山本社長は、野副氏の質問に対して次のように回答した。
「外部調査委員会は、野副氏が虚偽の事実の原因追究のために設置を求めているものであるが、富士通の認識は、野副氏が指摘するような事実はないというもの。司法の判断を求めるものであり、地裁、高裁ともに当社の勝訴であり、外部調査委員会を設置する必要はない。秋草氏が相談役に留任することについては、社長としての経験、知見、人脈は会社の財産である。
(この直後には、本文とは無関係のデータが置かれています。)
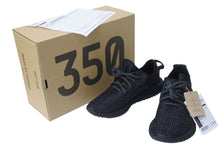 画像をギャラリービューアに読み込む, 新品未使用 ADIDAS アディダス YEEZY Boost 350 イージーブースト350 スニーカー BB5350 サイズUS9 27cm パイレートブラック 中古 4b005634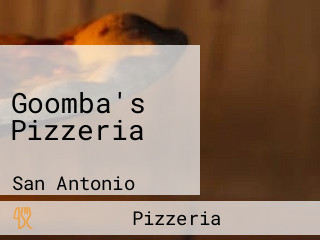 Goomba's Pizzeria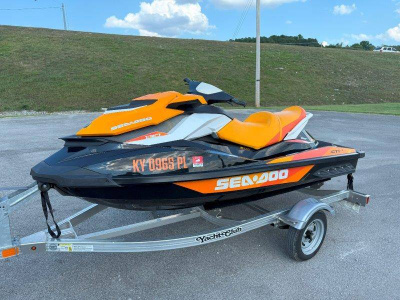 2018 Sea Doo GTI SE 130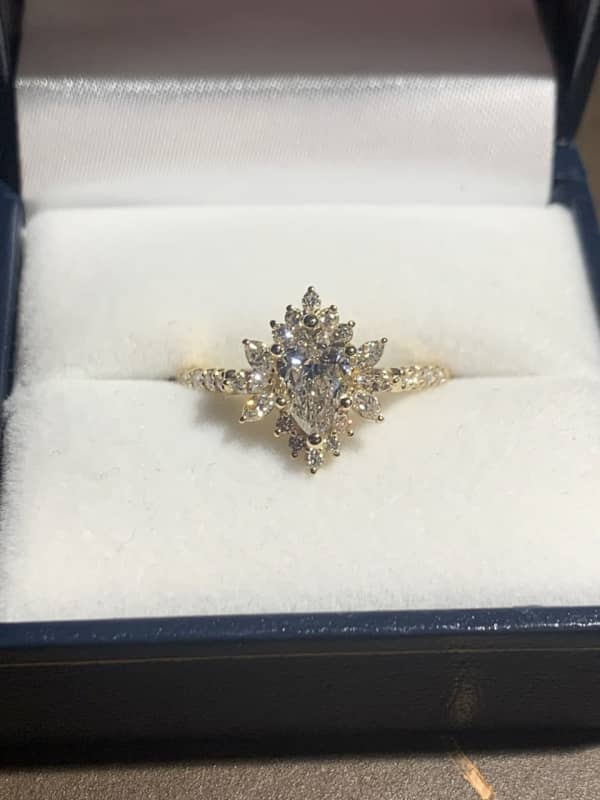 Police Ask Public For Help Finding Missing Engagement Ring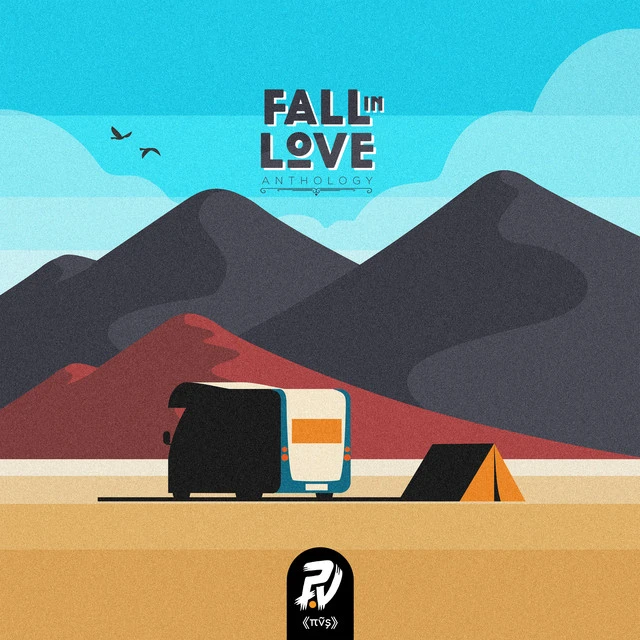Pueblo Vista - Fall In Love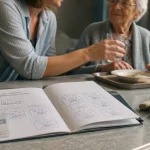 deamp remplacé par deaes : aide à la personne âgée, documents et badge
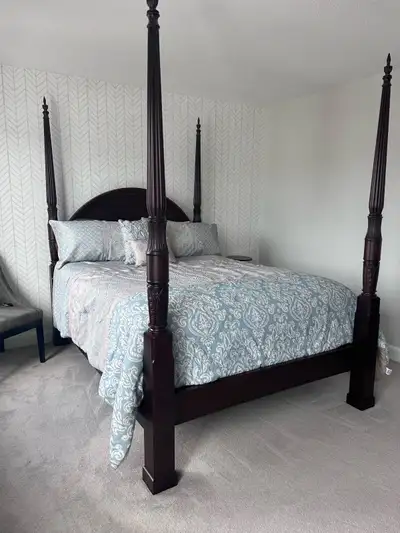 Bombay Queen Bed frame , View more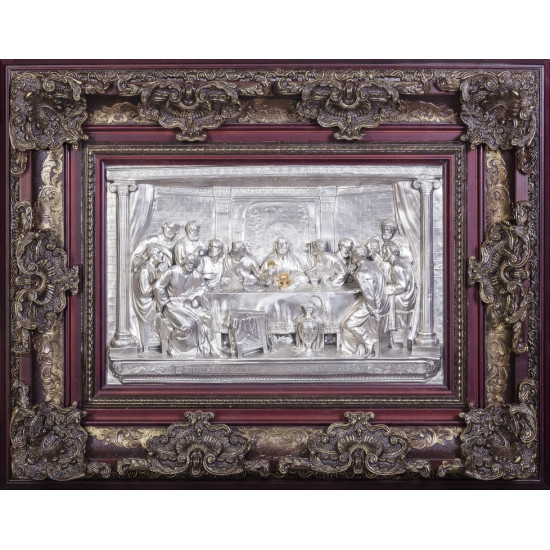 Ікона "Таємна вечеря"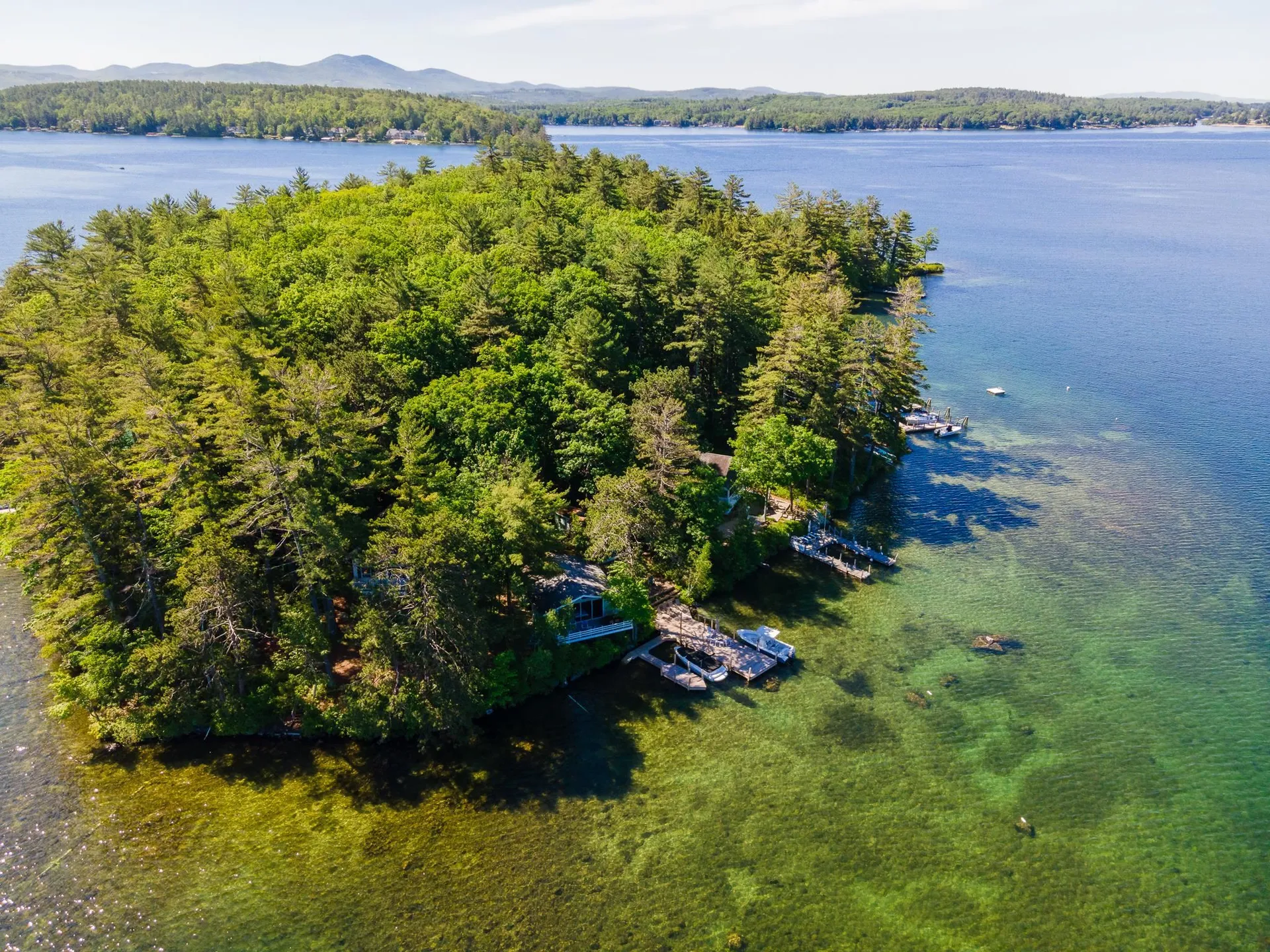 9 Pitchwood Island Meredith NH 03253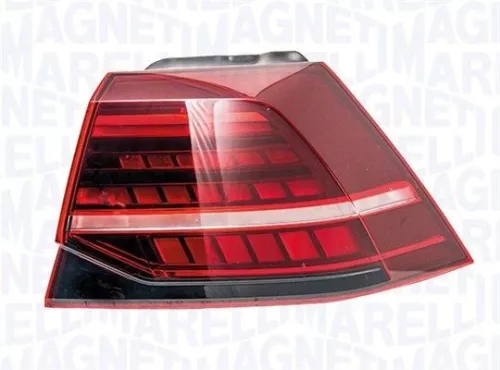 Achterlichtunit MAGNETI MARELLI 714081620701)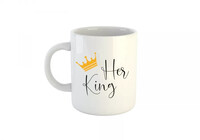 Her King - hrnek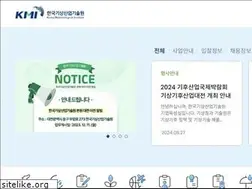 Sites similar to kmiti.or.kr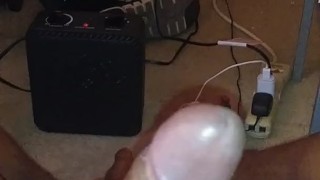 Jacking off light work
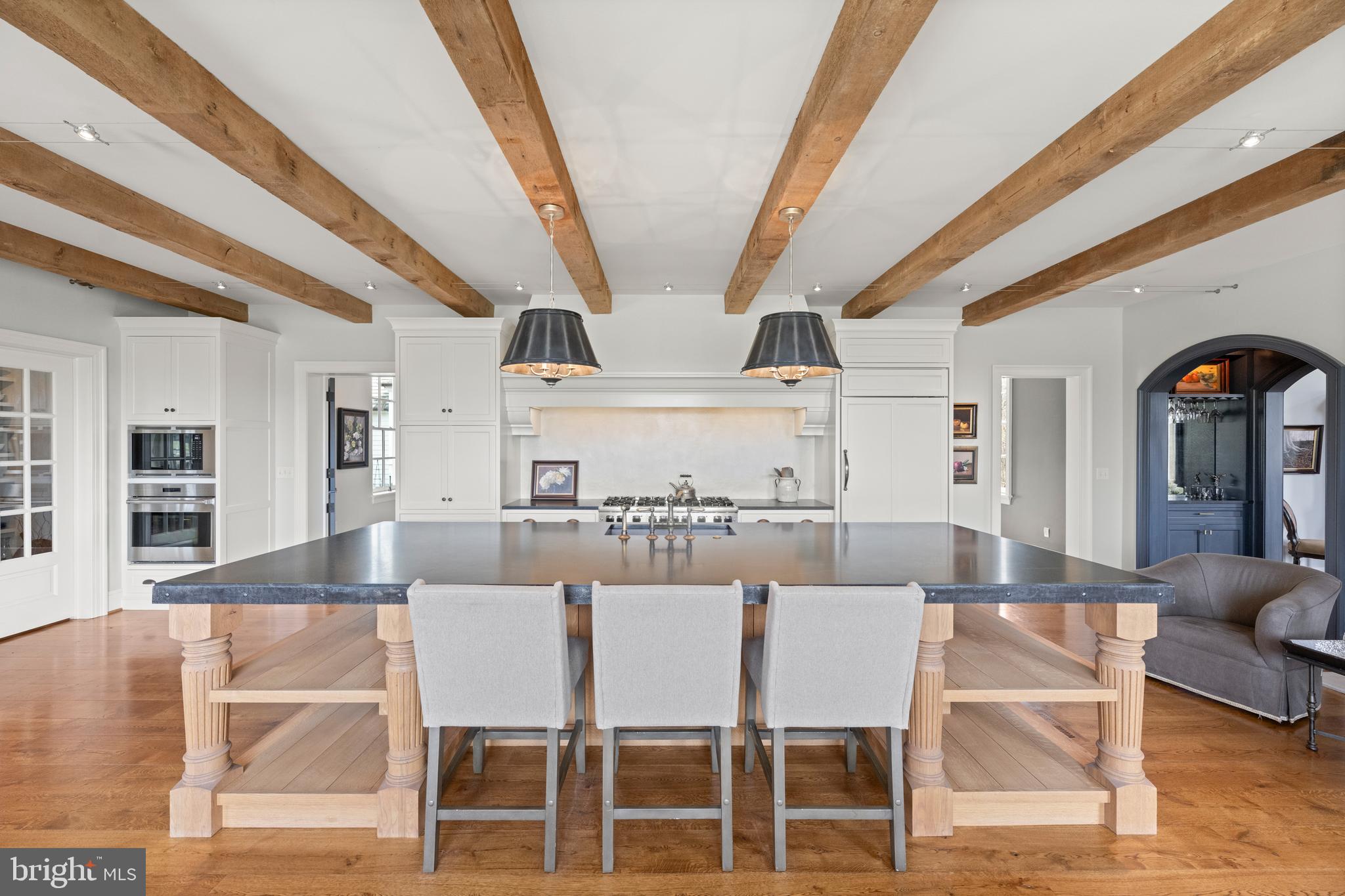 1484 West Strasburg Road West Chester, PA 19382 - Photo 11 of 95 11 ft. Island with Banquet Seating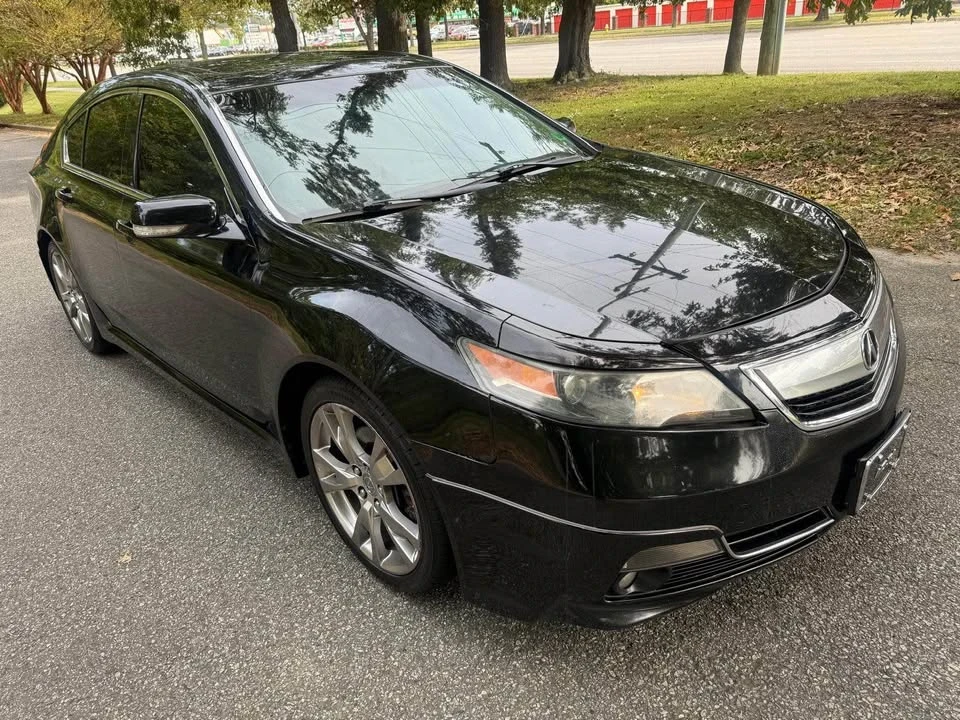 2013 Acura TL 4th Gen - Image 8 of 18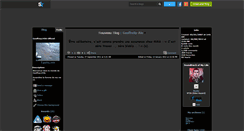 Desktop Screenshot of geoffrey1456.skyrock.com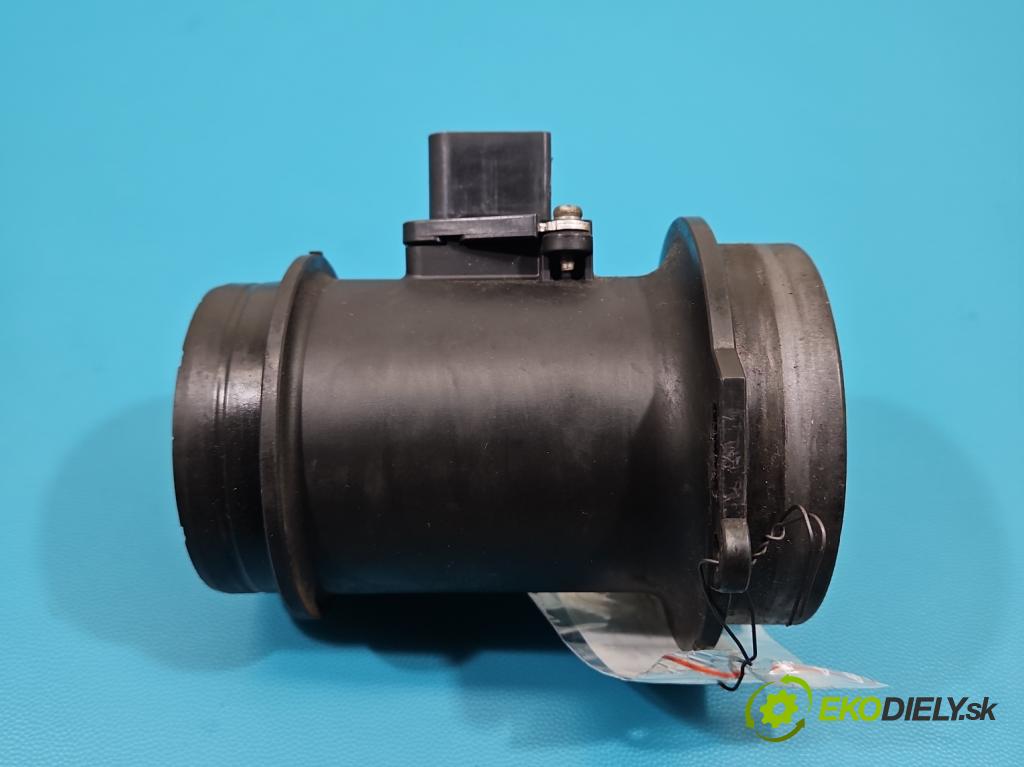 Audi A6 C6 2004-2011 2.7 TDI 179KM automatic 132 kW 2698 cm3 5- průtokoměr: AFH70-46 (Váha vzduchu)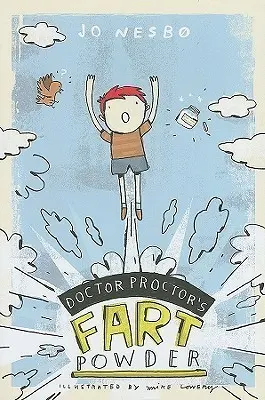 Doctor Proctor's Fart Powder — series cover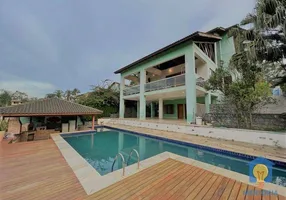 Foto 1 de Casa de Condomínio com 5 Quartos para venda ou aluguel, 465m² em Parque das Artes, Embu das Artes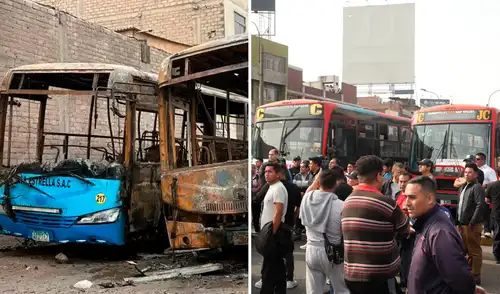 Martín Ojeda, representante de transportistas, aseguró que tendrán una reunión con el Ministerio del Interior este 2 de diciembre.
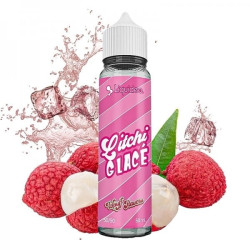 E LIQUIDE LITCHI GLACÉ 50ML - WPUFF FLAVORS LIQUIDEO-Eliquides-alavape.com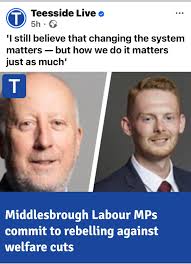 Myer didn't rebel then🤷🏻‍♂️ Spent all week gathering data from  constituents pretending he hasn't made up his mind only to support the  Government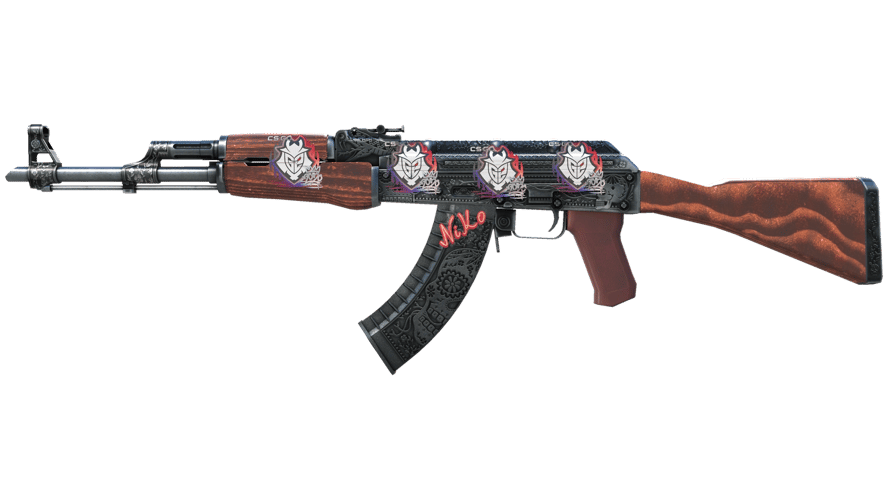 AK-47 | Cartel (Field-Tested)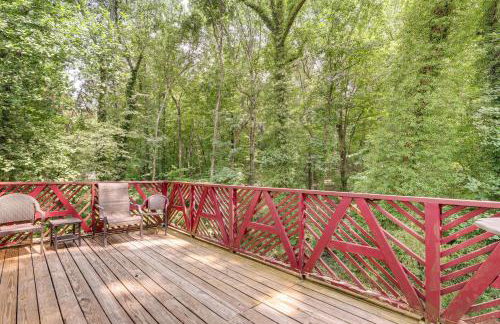 Group Getaway Spacious Home in Stone Mountain! - Foto 2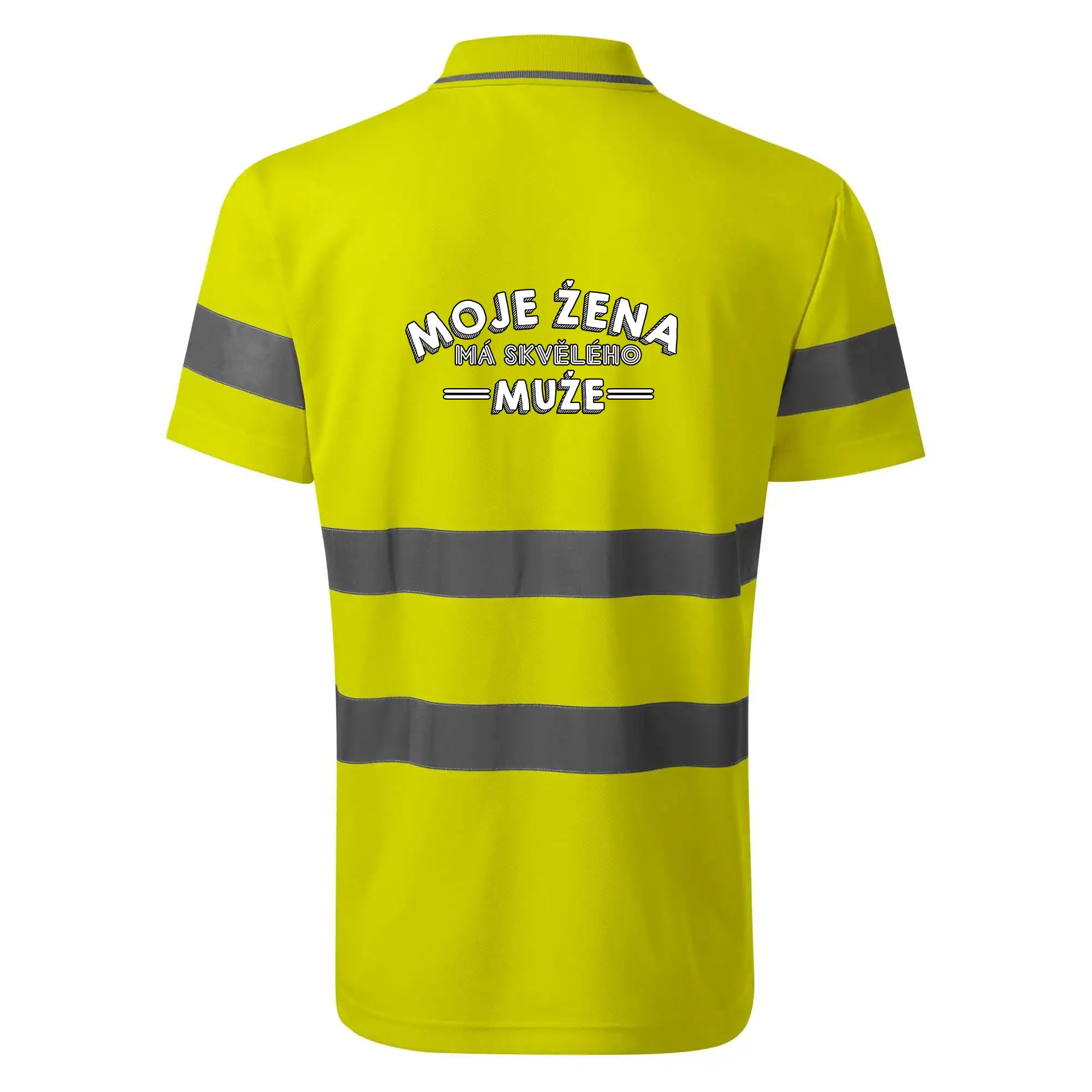 Moje žena má skvělého muže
それは会社にとって大きな意味を持つものであり、相談役としてそれを生かしていただく」(山本氏)
社外取締役の野中氏、一社の利益を超えた社会的問題と指摘
質疑応答では、取締役選任に関して、一部役員の選任に反対する意見や、秋草氏の相談役の辞任を求める声、野副氏を社長に任命した責任を追求する声が上がる一方、「野副氏の件は、発言するたびに富士通のイメージダウンになっている。富士通は毅然とした態度でやってもらいたい。秋草氏の貢献を考えると取締役を辞任するのは仕方がないが、相談役をやめさせることは適切ではない」「富士通経営陣の判断は適切であった」などの声も上がった。
また、長時間の野副氏に関する説明に対して、「争いの話をする必要はない。仲間内で争うのはどうでもいい。どう利益を確保するのかが問題。また、ガバナンスの観点が問題である。ファナックの株式売却の利益がなかったら、富士通の利益はなかった。もっと株主のことを考えるべきであり、社員は一生懸命に働いている」などの声も上がった。
質問に対して、取締役の大浦溥氏は、「野副氏を任命した人は悔しい想いをしている。これは業績で示すしかない」としたほか、「秋草氏は、昨年の段階で取締役を辞任する意向を示していたが、野副氏の問題があったことで、私や監査役などが、問題が解決するまで取締役にいてもらうように望んだ」といった事実を初めて明かした。
社外取締役の野中郁次郎氏は、「野副氏は経営者として変革に取り組むという点では優れた人物であるが、今回の問題は、ひとつの企業の利益の問題を越えて、富士通の社会的存在が問われるものであった。その上で、判断したもの」と回答した。